We stopped for a sugary drink at a little town that turned out to be Bayandelger, not Erdene. The map confirmed it: we were twenty kilometres further east than we were expecting and had spent the last couple of hours rock-hopping down a completely different valley from what we had intended.
‘An accidental Kiwi shortcut!’ I said.
‘Yeah, and for once it paid off!’ Tama was amused, even though he’d got it wrong.
‘Maybe it’s a sign.’
‘Of what?’
‘Dunno—that, Mongolia wants us to hurry up and get to Mörön?’
‘Nah, if Mongolia was serious about it, she’d give us a proper tailwind.’
'And a travelator!’
Even without a mechanised walkway we made good time along that flat grey road under that flat grey sky. The hills were still beautiful, sort of, but after a fortnight of gaping it was getting harder and harder to really see the landscape. In my fifteenth year of Third World sightseeing, I needed larger and more outrageous spectacles to be truly astounded: not just nomads on horseback but bigger nomads, better horses—Chinggis Khaan himself, thirty metres tall and shining in the sunlight. Kinda thing.
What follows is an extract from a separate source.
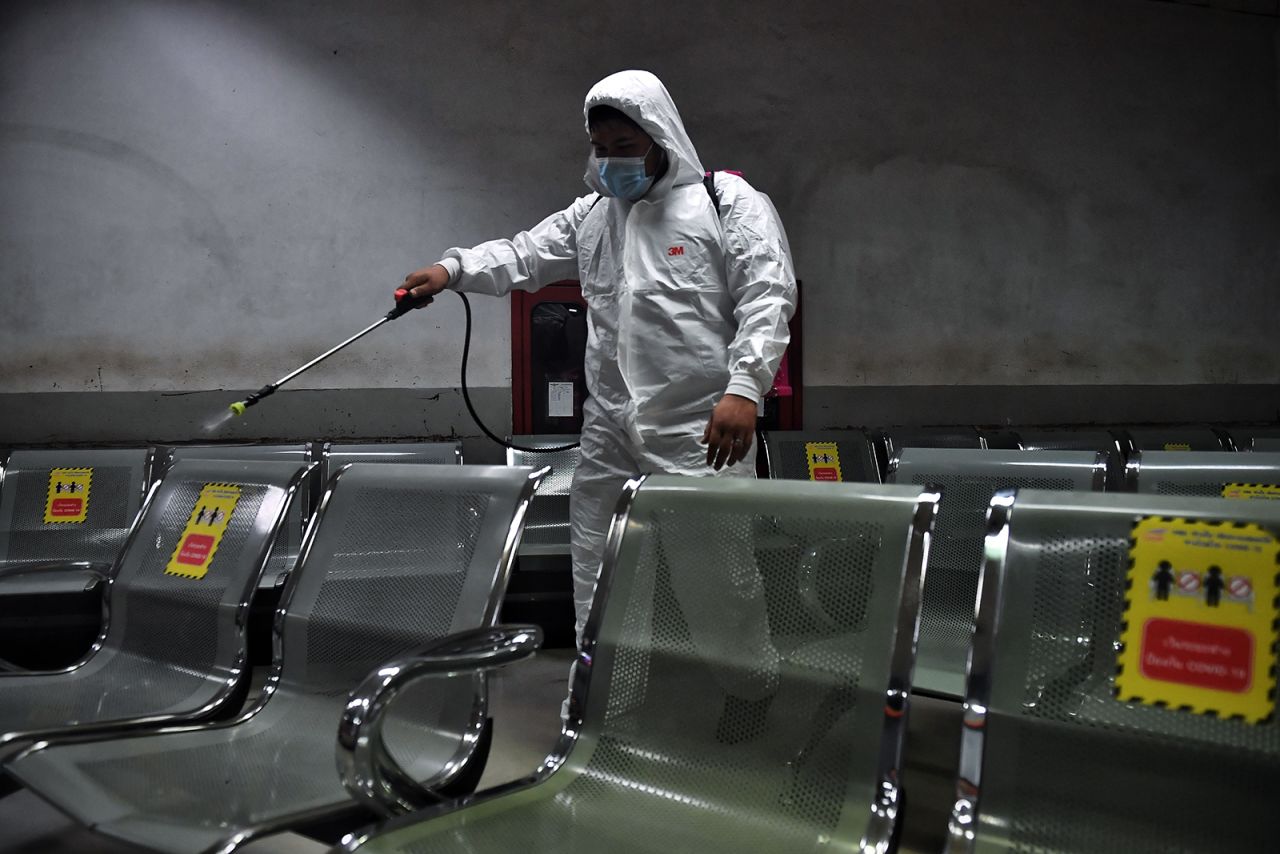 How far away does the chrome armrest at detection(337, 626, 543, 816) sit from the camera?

The asphalt veered sharply to the left and suddenly we were heading due north. This didn't make any sense until we realised that the ‘town’ of Baganuur was actually a massive open-cut coalmine. Our road made a discreet twenty-kilometre detour around what we could only glimpse as a darker grey on the horizon, endless piles and drifts of it, offset by the lighter grey of smoke plumes. Baganuur's coal was apparently responsible for the heating and smogification of Ulaanbaatar for the duration of its nine-month winter.
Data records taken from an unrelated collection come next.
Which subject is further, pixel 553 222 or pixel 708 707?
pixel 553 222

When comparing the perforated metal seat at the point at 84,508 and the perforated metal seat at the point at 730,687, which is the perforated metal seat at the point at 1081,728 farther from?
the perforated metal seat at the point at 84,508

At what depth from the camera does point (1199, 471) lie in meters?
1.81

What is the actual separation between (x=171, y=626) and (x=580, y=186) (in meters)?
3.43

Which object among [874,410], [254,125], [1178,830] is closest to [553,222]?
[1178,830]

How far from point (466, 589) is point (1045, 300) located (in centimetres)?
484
‘I love Mine-go-li-a,’ Tama said in his Governator voice. ‘I dig its big gaa-ping holes.’
‘Ha, Minegolia—you make that up?’
‘Nah.’ Tama had read an article about Mongolia's resources boom, which was apparently even boomier than Australia's.
‘The mining industry's going mental, the economy's growing like fifteen, twenty per cent a year. Apparently there are mines in the Gobi desert that make Erdenet look like a kid's sandpit—and they’re all run by Aussies.’
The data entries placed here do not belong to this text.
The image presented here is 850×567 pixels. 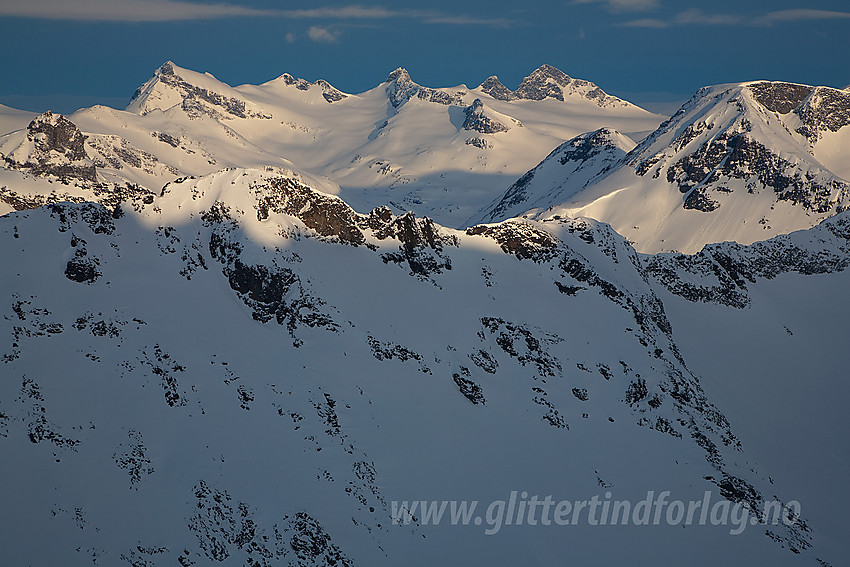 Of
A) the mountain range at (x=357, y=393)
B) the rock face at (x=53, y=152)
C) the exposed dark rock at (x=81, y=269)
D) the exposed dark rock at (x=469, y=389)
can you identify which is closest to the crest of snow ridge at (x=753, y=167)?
the mountain range at (x=357, y=393)

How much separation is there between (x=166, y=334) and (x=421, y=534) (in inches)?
1034

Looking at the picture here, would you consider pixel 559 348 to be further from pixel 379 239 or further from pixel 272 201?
pixel 272 201

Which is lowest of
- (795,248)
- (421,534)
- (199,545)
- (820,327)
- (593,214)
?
(199,545)

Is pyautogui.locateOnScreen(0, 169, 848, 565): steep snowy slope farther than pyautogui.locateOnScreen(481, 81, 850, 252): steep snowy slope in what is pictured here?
No

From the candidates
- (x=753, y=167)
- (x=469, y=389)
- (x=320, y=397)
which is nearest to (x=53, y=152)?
(x=320, y=397)

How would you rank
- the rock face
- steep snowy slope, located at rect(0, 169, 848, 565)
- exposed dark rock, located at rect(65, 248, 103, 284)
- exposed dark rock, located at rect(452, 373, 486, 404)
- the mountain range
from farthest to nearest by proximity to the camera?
the rock face, exposed dark rock, located at rect(452, 373, 486, 404), exposed dark rock, located at rect(65, 248, 103, 284), the mountain range, steep snowy slope, located at rect(0, 169, 848, 565)

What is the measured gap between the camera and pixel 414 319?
6956 centimetres

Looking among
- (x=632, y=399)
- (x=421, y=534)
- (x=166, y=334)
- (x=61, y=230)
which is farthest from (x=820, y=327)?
(x=61, y=230)

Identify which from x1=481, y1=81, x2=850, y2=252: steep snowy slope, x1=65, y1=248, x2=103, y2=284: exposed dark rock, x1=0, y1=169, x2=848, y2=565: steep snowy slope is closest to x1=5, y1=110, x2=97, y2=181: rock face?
x1=0, y1=169, x2=848, y2=565: steep snowy slope

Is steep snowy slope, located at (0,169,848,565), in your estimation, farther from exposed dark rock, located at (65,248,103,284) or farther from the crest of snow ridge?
the crest of snow ridge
‘Yeah, it's crazy—these wanker mining executives are all saying that in a few years, Mongolia is gonna to get rich like Australia.’
‘Believe it when I see it.’

* *

(From "Day 23: The Final Mörön", p328)

I was awake before sunrise, happy not to be vomiting. The pre-dawn light was exciting enough to make me crawl out of the tent, set up the tripod and attempt a few shaky 360-degree pans of our campsite. Above a ring of jagged black hills the tiny white dot of an airplane drifted like an ember through a light blue sky smeared with thick streaks of peach and silver. I was really glad I wasn't colour-blind. In the shadows below, a thin grey line led east towards the horizon—to the final Mörön.
There was no traffic on the Millennium Road that day, no birds in the sky. It was unreasonably peaceful. Months later I found out the reason for the morning's excessive beauty: on 1 August 2010, southern Russia started to burn. A July heatwave brought temperatures a nutsack-roasting eight degrees Celsius hotter than normal. Then half a million hectares of taiga forest and wheatfield—about 100,000 hectares more than Victoria’s Black Saturday bushfires—went up in smoke. Western Siberia burned, and Buryatia, just north of Khövsgöl, and the eastern Siberian town of Boryza, a few hundred kilometres northeast of our campsite. People died. Vladimir Putin visited the charred remains of a village that he said looked like ‘something from a horror film’. And as the worst wildfires in Russian history sent smoke and soot and billions of little embers drifting lazily over Mongolia, I got to savour a once-in-a-lifetime sunrise on the steppes by clambering up to the ridgeline and singing Mongolian opera at the top of my haggard lungs.